CARBONDALE - Southern Illinois University Carbondale graduating seniors Janiece Blake and Kelli Jensen have much in common, even though they do not know each other.
Both received bachelor's degrees Saturday. They are both single moms. And both are excited about their futures.
The road each is going to travel now to reach career goals is where the stories begin to differ.
Jensen, who is getting her degree in social work, is already making preparations to begin an intensive master's degree program that she wants to complete in a single year.
"You don't go into social work for money," she said with a laugh about how she sees herself in the future. "I want to open my own therapy practice."
Blake has a job waiting for her in Bloomington with State Farm Bank, where she begins June 2 as a finance trainee in financial operations and compliance. She leaves SIUC's College of Business with an accounting degree and has been on the dean's list all eight semesters.
The opportunity is something she has been molding for more than a year. She initially attended an SIUC job fair in 2006, where she had an interview with a State Farm representative. Blake had an internship with the company last summer.
"I figured if I did what I needed to do, like keeping good grades, everything would fall into place," Blake said.
Both women have overcome adversity to get where they are today.
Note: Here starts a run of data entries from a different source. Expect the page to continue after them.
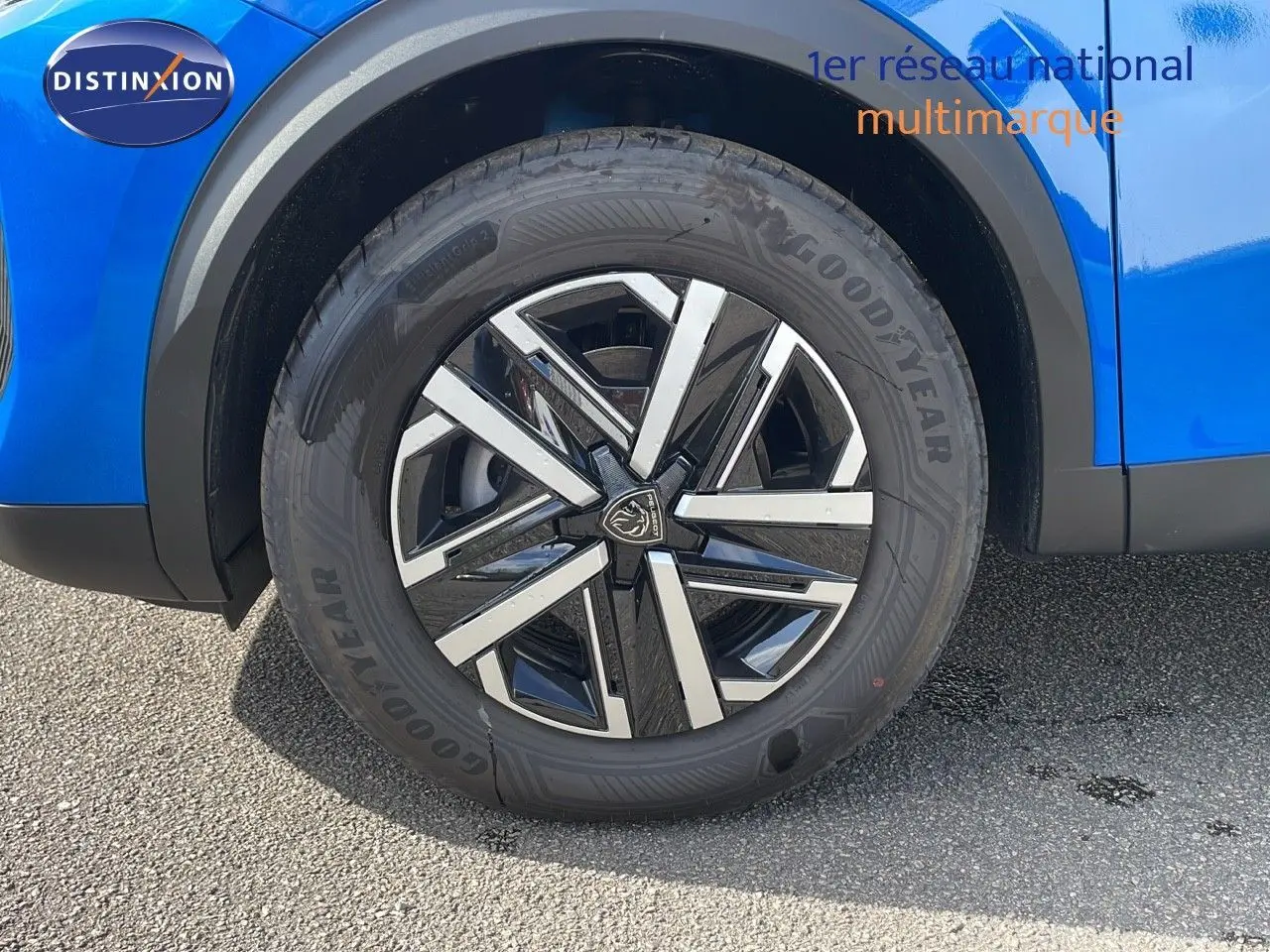 Gros plan sur la roue avant droite d’un Peugeot 2008 bleu Vertigo Metal avec jante noire et argentée.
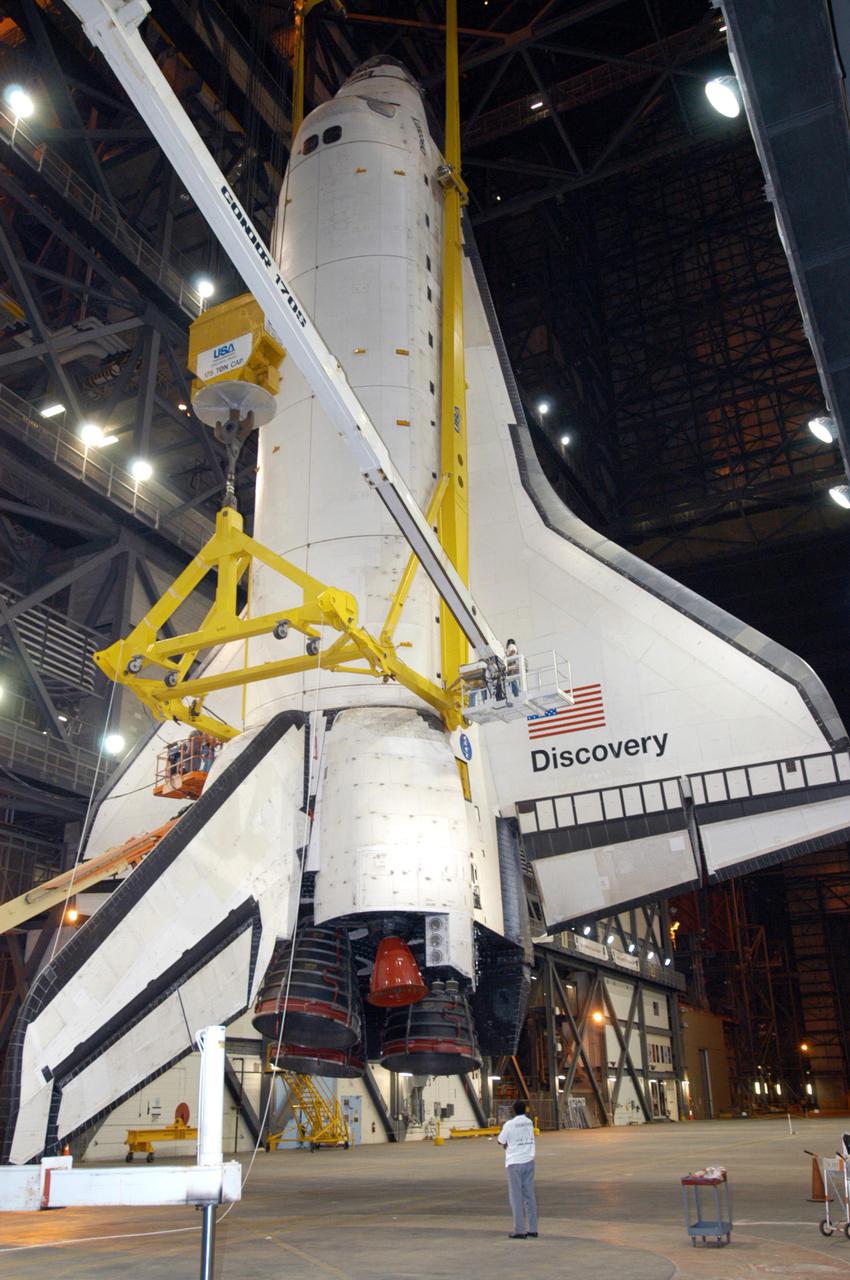 KENNEDY SPACE CENTER, FLA. - In the transfer aisle of the Vehicle Assembly Building, orbiter Discovery hangs suspended in a vertical position. It will be lifted over a cross-beam into high bay 3 and remated with the new External Tank, ET-121, and Solid Rocket Boosters in the bay. That tank was originally scheduled to fly with Atlantis on the second Return to Flight mission, STS-121. A new heater was added to the tank's feedline bellows, part of the pipeline that carries the liquid oxygen to the orbiter’s main engines, to minimize the potential for ice and frost buildup. After the remate, technicians will work final closeouts on the fully assembled Space Shuttle stack, and perform liquid oxygen and liquid hydrogen electrical mates and an interface verification test. Discovery is currently scheduled to return to Launch Pad 39B on June 13.
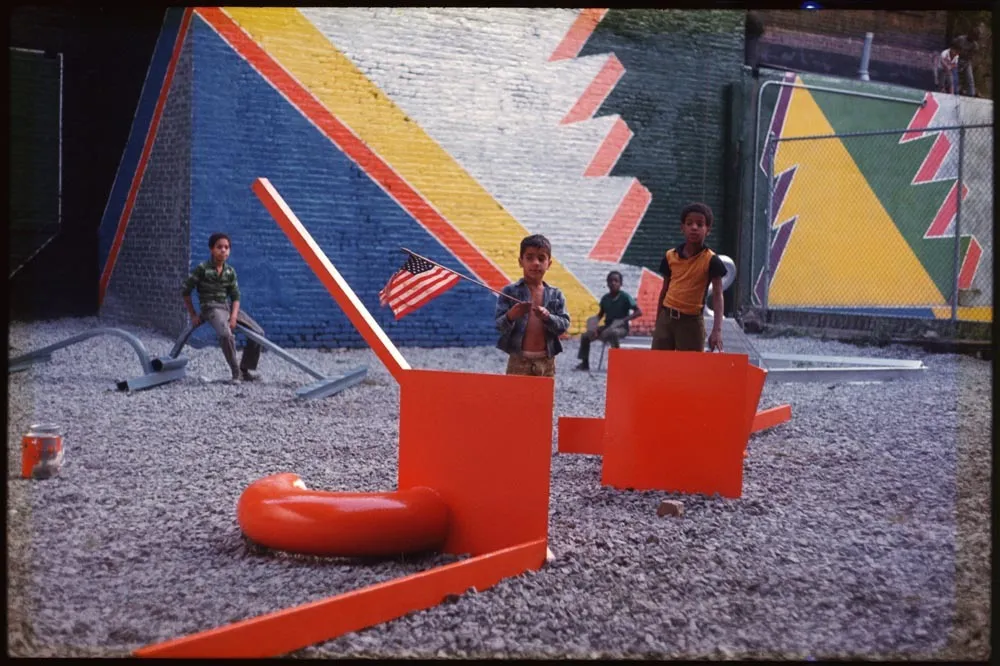 children posing with modern sculptures in front of a mural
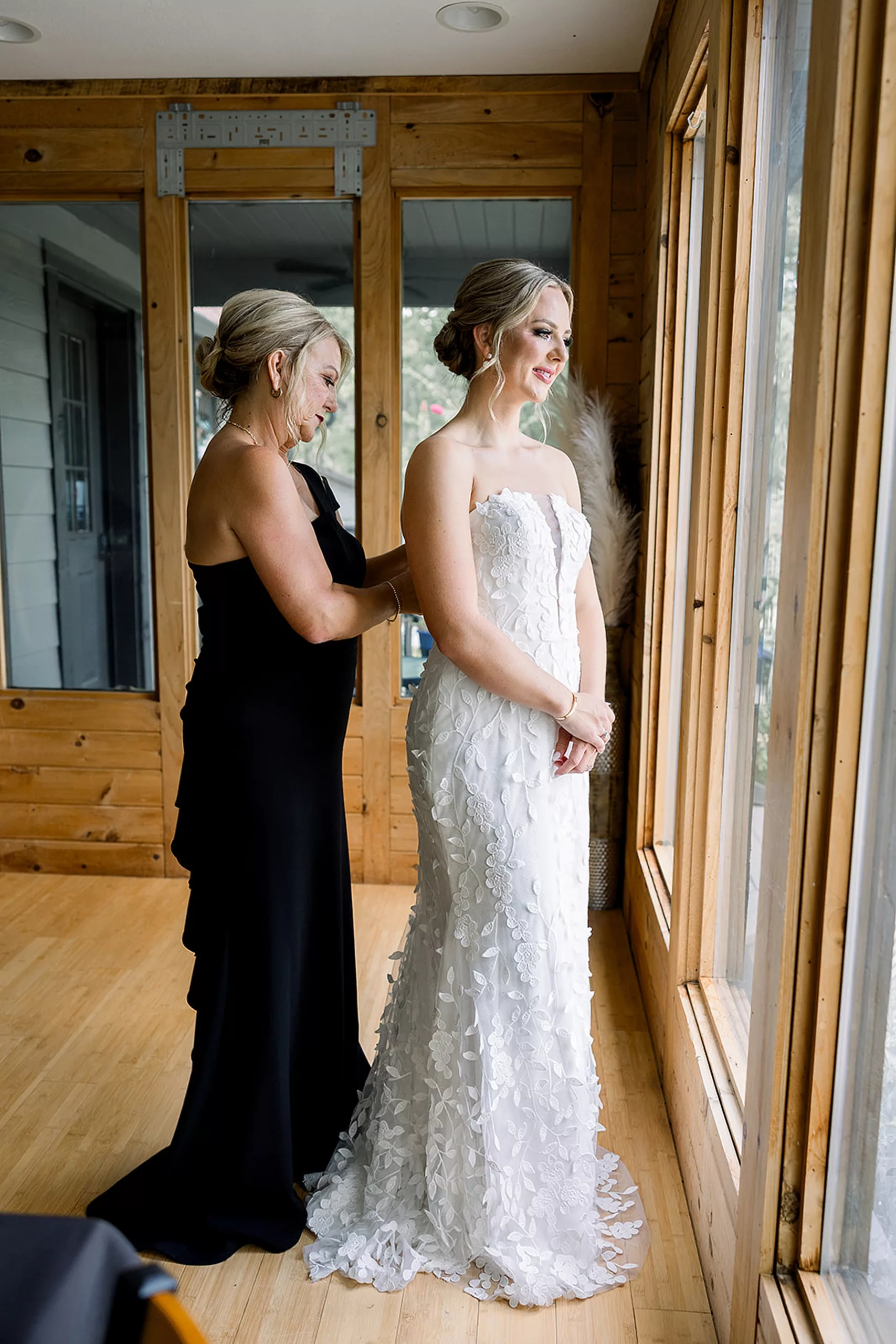 A bride stands in a window as her mother in a black dress buttons up her dress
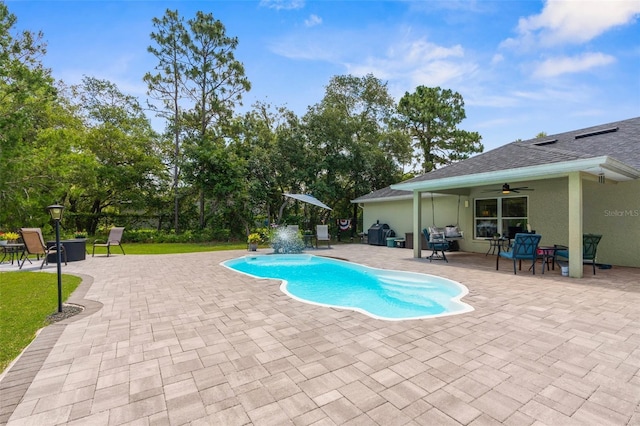 10197 Meadow Wren Ave, Weeki Wachee, FL 34613 - outdoor pool with a ceiling fan, a patio area, and a grill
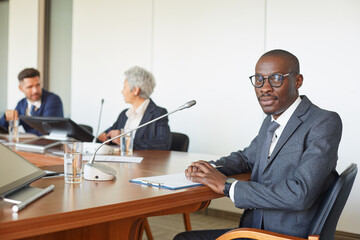 Wall Mural - portrait of african leader looking at camera while sitting at the table with business people at boar
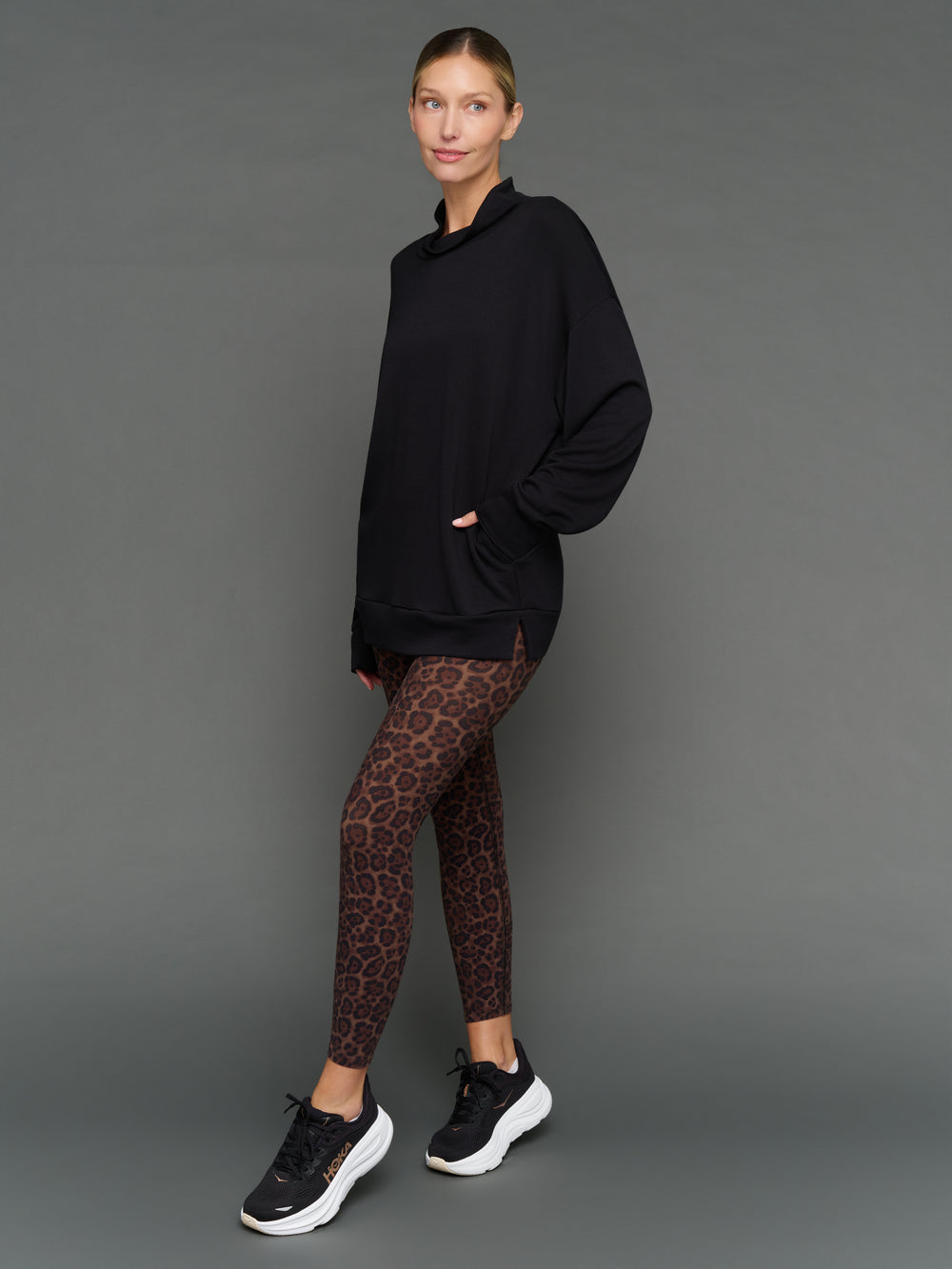 Model is wearing interlock mock neck pullover black, front three-quarter view.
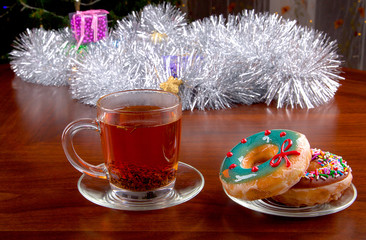 Donuts and cup of tea on Christmas background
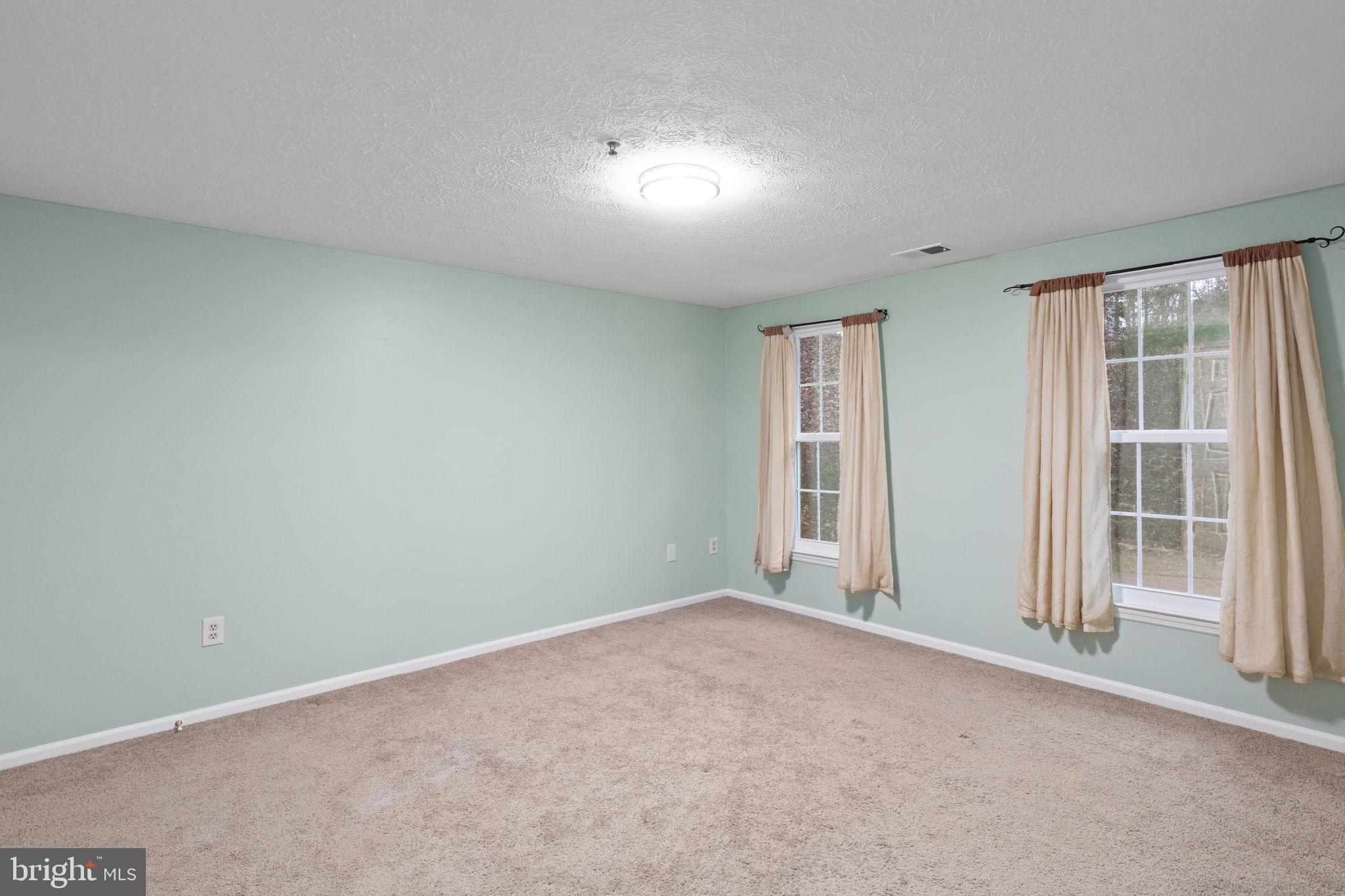 1404 Golden Rod Court, Unit B Belcamp, MD 21017 - Photo 18 of 25 an empty room with windows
Raising children while attending school full time is a tough task, but neither thought twice about the task.
"My life is definitely full of chaos. If I had time for a nervous breakdown, I would have had one," Jensen said.
The mother of a boy, Chandler, 9, and a girl, Zoe, 6, Jensen has worked as a hairstylist to make ends meet. She initially started her studies at John A. Logan College before transferring to SIUC.
She's held jobs in human resources departments and attended cosmetology school in Marion. After her divorce six years ago, Jensen stood at a crossroads in her life.
"I decided to go back to school and do what I really wanted to do," she said.
Blake knew from the start, while a student at Meridian High School in Mound City, that she was destined to be an accountant.
"We had a project in high school and I was 2 cents off on the trial balance. I had a dream about the accounting assignment that night and came up with the answer," Blake said.
She lived in the SIUC dormitories her first two years, but then commuted every school day from Mound City to Carbondale and back so she could raise her children, Jaylen, 5, and Brynn, who was born in November.
Both graduating seniors credit their parents and relatives for helping them take care of their children.
And both know their particular fields of study offer challenges they like and are ready to embark upon.
Jensen's first major was criminal psychology, and she was leaning toward forensics when she began college before getting married in 1993. Now that she's decided upon social work, she sees a new world in mental health.
"That was the direction I decided I would take. I don't know where it will lead me," Jensen said.
With SIUC's College of Business getting recent approval from the Board of Trustees for differential tuition to enhance its job placement opportunities for COB students like herself, Blake advises business school administrators and faculty members to look beyond opportunities in public accounting.
"They should look outside the realm of public accounting and broaden the field or horizon of what field you can work in with an accounting degree such as private industry and companies," Blake said.